Blankenburg Sven, Wu Wei, Lindner Benjamin, Schreiber Susanne
Bernstein Center for Computational Neuroscience Berlin, Berlin, Germany.
Institute for Theoretical Biology and Physics Department, Humboldt-Universität zu Berlin, Berlin, Germany.
J Comput Neurosci. 2015 Dec;39(3):349-70. doi: 10.1007/s10827-015-0580-6. Epub 2015 Nov 6.
Neuronal information transmission is frequency specific. In single cells, a band-pass like frequency preference can arise from the subthreshold dynamics of the membrane potential, shaped by properties of the cell's membrane and its ionic channels. In these cases, a cell is termed resonant and its membrane impedance spectrum exhibits a peak at non-vanishing frequencies. Here, we show that this frequency selectivity of neuronal response amplitudes need not translate into a similar frequency selectivity of information transfer. In particular, neurons with resonant but linear subthreshold voltage dynamics (without threshold) do not show a resonance of information transfer at the level of subthreshold voltage; the corresponding coherence has low-pass characteristics. Interestingly, we find that when combined with nonlinearities, subthreshold resonances do shape the frequency dependence of coherence and the peak in the subthreshold impedance translates to a peak in the coherence function. In other words, the nonlinearity inherent to spike generation allows a subthreshold impedance resonance to shape a resonance of voltage-based information transfer.
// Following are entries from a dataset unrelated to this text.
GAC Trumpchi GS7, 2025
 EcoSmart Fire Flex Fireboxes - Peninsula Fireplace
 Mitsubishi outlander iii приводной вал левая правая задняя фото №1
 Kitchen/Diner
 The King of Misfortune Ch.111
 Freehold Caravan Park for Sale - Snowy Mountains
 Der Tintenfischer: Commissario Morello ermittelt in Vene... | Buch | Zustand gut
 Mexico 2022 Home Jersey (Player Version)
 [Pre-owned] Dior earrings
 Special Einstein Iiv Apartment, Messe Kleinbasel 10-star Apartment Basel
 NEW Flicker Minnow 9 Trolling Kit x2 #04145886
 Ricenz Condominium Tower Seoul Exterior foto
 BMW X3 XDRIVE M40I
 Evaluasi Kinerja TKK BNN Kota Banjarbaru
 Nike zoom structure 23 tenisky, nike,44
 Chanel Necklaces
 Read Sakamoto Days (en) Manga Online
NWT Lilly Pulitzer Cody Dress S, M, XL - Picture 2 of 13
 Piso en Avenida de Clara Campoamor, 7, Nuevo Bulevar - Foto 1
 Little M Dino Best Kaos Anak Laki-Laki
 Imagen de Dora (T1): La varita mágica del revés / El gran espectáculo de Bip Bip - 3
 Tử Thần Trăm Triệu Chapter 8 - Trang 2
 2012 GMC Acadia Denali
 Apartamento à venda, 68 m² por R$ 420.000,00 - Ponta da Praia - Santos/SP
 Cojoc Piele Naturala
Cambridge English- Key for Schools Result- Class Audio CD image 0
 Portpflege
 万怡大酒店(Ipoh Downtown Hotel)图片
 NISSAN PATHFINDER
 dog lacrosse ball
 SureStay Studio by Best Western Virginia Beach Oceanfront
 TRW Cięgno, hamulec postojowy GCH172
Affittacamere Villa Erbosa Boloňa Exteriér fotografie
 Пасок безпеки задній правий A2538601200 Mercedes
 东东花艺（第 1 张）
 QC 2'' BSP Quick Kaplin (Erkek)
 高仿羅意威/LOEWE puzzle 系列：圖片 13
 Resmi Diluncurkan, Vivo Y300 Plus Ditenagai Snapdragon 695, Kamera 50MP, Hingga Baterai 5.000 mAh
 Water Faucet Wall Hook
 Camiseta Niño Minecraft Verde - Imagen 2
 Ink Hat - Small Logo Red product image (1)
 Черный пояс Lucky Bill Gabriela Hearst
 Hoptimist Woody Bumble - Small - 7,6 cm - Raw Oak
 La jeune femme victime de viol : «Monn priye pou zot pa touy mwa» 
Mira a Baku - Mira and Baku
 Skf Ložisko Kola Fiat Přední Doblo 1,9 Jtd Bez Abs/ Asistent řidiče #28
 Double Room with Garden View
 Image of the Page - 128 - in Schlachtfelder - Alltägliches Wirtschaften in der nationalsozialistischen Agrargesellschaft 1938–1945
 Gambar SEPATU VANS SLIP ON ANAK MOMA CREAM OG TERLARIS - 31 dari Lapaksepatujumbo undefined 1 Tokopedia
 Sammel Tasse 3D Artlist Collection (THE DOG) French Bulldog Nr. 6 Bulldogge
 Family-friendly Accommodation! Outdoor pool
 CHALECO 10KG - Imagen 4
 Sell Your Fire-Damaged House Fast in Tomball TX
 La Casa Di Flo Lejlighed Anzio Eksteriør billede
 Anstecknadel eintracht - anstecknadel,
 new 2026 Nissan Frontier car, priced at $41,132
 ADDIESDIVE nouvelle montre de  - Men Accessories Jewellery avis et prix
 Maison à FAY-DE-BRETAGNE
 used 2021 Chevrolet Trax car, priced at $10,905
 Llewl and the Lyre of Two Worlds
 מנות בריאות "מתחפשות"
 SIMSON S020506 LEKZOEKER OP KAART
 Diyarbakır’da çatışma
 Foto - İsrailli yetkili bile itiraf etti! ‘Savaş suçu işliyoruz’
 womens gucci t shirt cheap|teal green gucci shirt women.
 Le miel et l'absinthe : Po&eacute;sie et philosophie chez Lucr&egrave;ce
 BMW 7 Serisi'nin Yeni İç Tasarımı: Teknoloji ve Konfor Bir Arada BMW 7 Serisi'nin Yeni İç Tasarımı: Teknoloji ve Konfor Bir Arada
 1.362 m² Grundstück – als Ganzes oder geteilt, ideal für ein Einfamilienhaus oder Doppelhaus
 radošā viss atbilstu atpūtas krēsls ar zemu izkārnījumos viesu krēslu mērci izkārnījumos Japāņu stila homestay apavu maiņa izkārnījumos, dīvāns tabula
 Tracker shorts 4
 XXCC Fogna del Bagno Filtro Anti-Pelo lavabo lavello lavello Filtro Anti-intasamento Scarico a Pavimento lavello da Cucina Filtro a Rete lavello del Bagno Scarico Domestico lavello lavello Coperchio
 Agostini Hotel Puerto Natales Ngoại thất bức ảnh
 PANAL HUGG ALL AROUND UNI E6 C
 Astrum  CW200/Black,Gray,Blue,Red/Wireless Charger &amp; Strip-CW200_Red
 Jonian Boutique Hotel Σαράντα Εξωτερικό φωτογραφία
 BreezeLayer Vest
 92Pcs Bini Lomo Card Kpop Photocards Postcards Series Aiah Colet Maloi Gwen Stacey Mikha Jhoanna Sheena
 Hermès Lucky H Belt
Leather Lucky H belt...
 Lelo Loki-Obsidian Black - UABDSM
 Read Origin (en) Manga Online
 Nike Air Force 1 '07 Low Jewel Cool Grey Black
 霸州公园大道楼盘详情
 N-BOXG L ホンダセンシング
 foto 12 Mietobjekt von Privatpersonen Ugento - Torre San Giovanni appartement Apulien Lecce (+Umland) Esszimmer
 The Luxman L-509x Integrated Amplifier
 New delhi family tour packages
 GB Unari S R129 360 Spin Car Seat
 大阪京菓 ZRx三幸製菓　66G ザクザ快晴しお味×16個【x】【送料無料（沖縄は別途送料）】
We demonstrate such nonlinearity-mediated band-pass filtering of information at frequencies close to the subthreshold impedance resonance in three different model systems: the resonate-and-fire model, the conductance-based Morris-Lecar model, and linear resonant dynamics combined with a simple static nonlinearity. In the spiking neuron models, the band-pass filtering is most pronounced for low firing rates and a high variability of interspike intervals, similar to the spiking statistics observed in vivo. We show that band-pass filtering is achieved by reducing information transfer over low-frequency components and, consequently, comes along with an overall reduction of information rate. Our work highlights the crucial role of nonlinearities for the frequency dependence of neuronal information transmission.
神经元信息传递具有频率特异性。在单个细胞中,类似带通的频率偏好可源于膜电位的阈下动态变化,这种变化由细胞膜及其离子通道的特性所塑造。在这些情况下,细胞被称为共振细胞,其膜阻抗谱在非零频率处呈现一个峰值。在这里,我们表明神经元反应幅度的这种频率选择性并不一定会转化为信息传递的类似频率选择性。特别是,具有共振但线性阈下电压动态变化(无阈值)的神经元在阈下电压水平上不会表现出信息传递的共振;相应的相干性具有低通特性。有趣的是,我们发现当与非线性相结合时,阈下共振确实会塑造相干性的频率依赖性,并且阈下阻抗中的峰值会转化为相干函数中的峰值。换句话说,动作电位产生所固有的非线性允许阈下阻抗共振塑造基于电压的信息传递的共振。我们在三种不同的模型系统中展示了这种在接近阈下阻抗共振频率处对信息的非线性介导带通滤波:共振发放模型、基于电导的莫里斯 - 勒卡尔模型以及线性共振动态与简单静态非线性相结合的模型。在发放神经元模型中,带通滤波在低发放率和动作电位间隔的高变异性情况下最为明显,这与体内观察到的发放统计情况相似。我们表明,带通滤波是通过减少低频成分的信息传递来实现的,因此伴随着信息率的整体降低。我们的工作突出了非线性在神经元信息传递频率依赖性方面的关键作用。